The boy wanted nothing more than to return to the tower.

He missed the girl and her dragon terribly, and nothing in his dull village ever compared to the magic of his new favourite place.

But he couldn’t return. Not right away. The girl had gone too far. All he did was try to suggest ways she could leave the tower. Something she never stopped talking about. Why was he suddenly the villain for trying to help her?

He wasn’t. He knew that. She just didn’t know what she wanted. And so, he’d give her time to think about it. And then return in a week’s time, sure to get an apology.

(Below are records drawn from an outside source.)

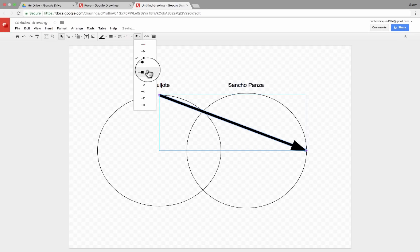Let's say I wish I had that Venn diagram. I can just go here to Edit, Web Clipboard, and there's the drawing. I can click on that, and it will paste it in. That's awesome — that's the good news.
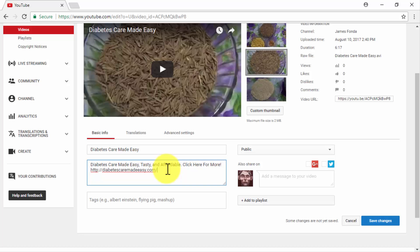In our example case, we are using our video title as a long tail keyword, a brief call to action instructing our viewers to click through our link, and our official website's URL. A winner combination for sure.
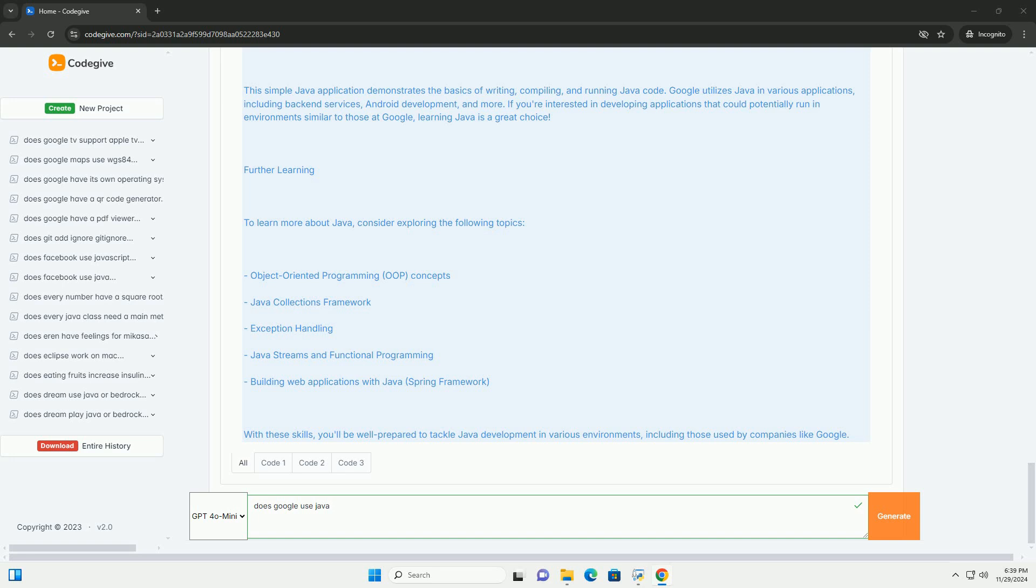You can download it from the official Oracle website: https://www.oracle.com/java/technologies/javase-jdk11-downloads.html or use OpenJDK.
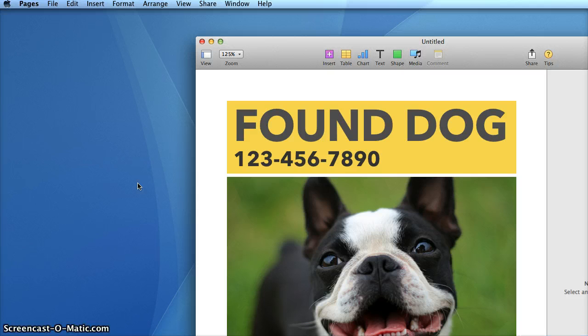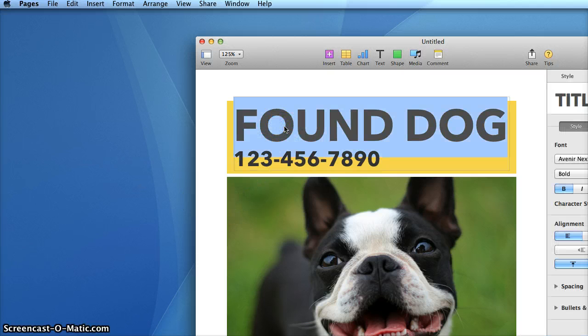To customize the text, just double-click and then type your content.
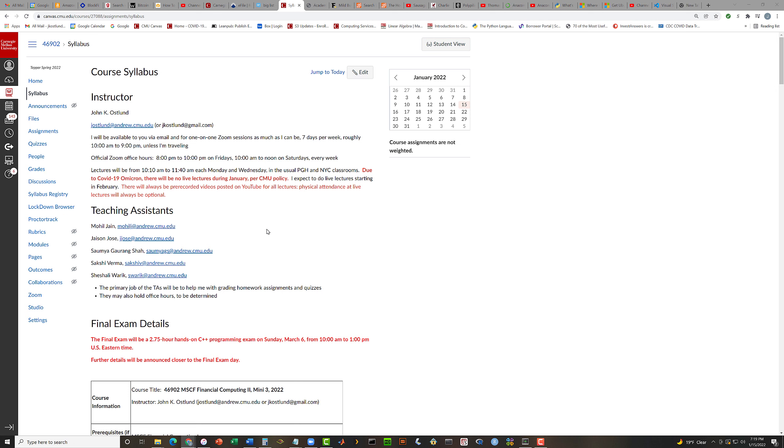All right. Welcome. Welcome to 2022. Welcome to Financial Computing 2. Welcome back. Good to virtually see you all again. I'd like to have a look at the syllabus briefly. So you can access the Canvas site for Financial Computing 2 and have a look at the syllabus.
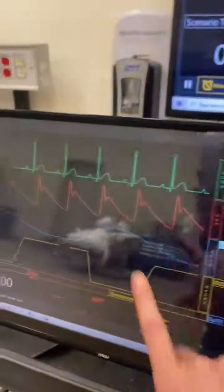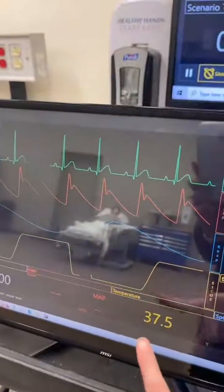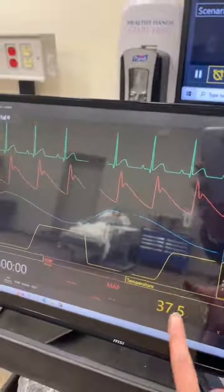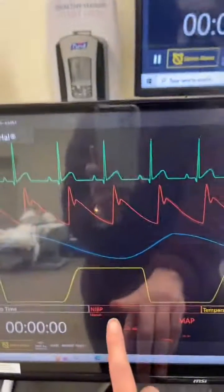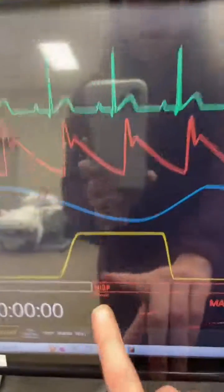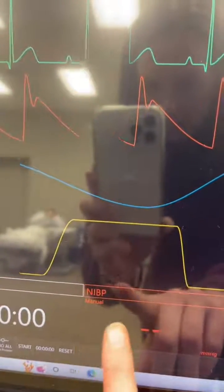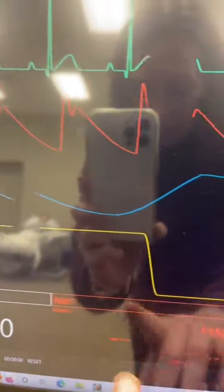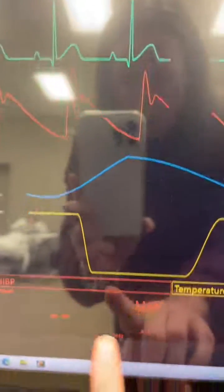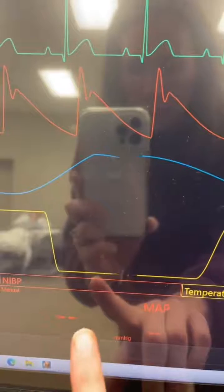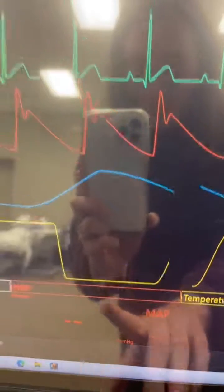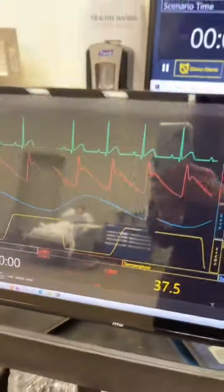This also has continuous temperature monitoring. And on this one, see where it says NIBP — I missed that — it says manual. So if you were to have the cuff hooked up, that manual pressure would come up right there.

In the meantime, there was nothing for him to do, except focus on his schoolwork, which his mother continually told him he was failing. But he could no longer concentrate.

His mother stood at his shoulder one evening, as he tapped his pencil on his page, thinking about days spent with the girl, and the magic that surrounded them all the time.

“You’ve barely begun!” she snapped, leading him to jump and drop his pencil to the ground. He turned to meet her eyes. “What’s gotten into you?”

“Nothing,” he mumbled. “I’m only tired.”

His mother shook her head. “It’s all those strolls in the forest. You’re gone for hours at a time. That’s it.”

The boy stood up in shock. “What? What’s it?”

No more forest strolls,” she commanded.

“But mama!” he cried, eyes growing wide, and his heart stuttering in his chest, so fast he felt it in his toes.

She held up a hand. “I want no arguments. Do you want the village to believe you strange again?” she asked. “Do you not remember the trouble you caused with all your ramblings?”

“But mama, it’s real! I found it!” he burst, forgetting that he wanted the magic all to himself.

His mother narrowed her eyes. Inside the house was warm, and a kettle was whistling on the stove. The boy wiped at his brow, stepping back until his lefs hit the table.

“What did you say?” she asked, too quiet to be anything but menacing.

“Nothing,” he said, the word flying out of his mouth, desparate to repair his error.

“That’s right,” she nodded. “Nothing. You make sure it stays that way.” She approached the stove, the kettle screaming for attention, then turned back to him. “And remember. No more forest strolls.”

The boy gulped, eyes filling with despair, but he looked down at his shoes, and whispered, “Yes, mama.”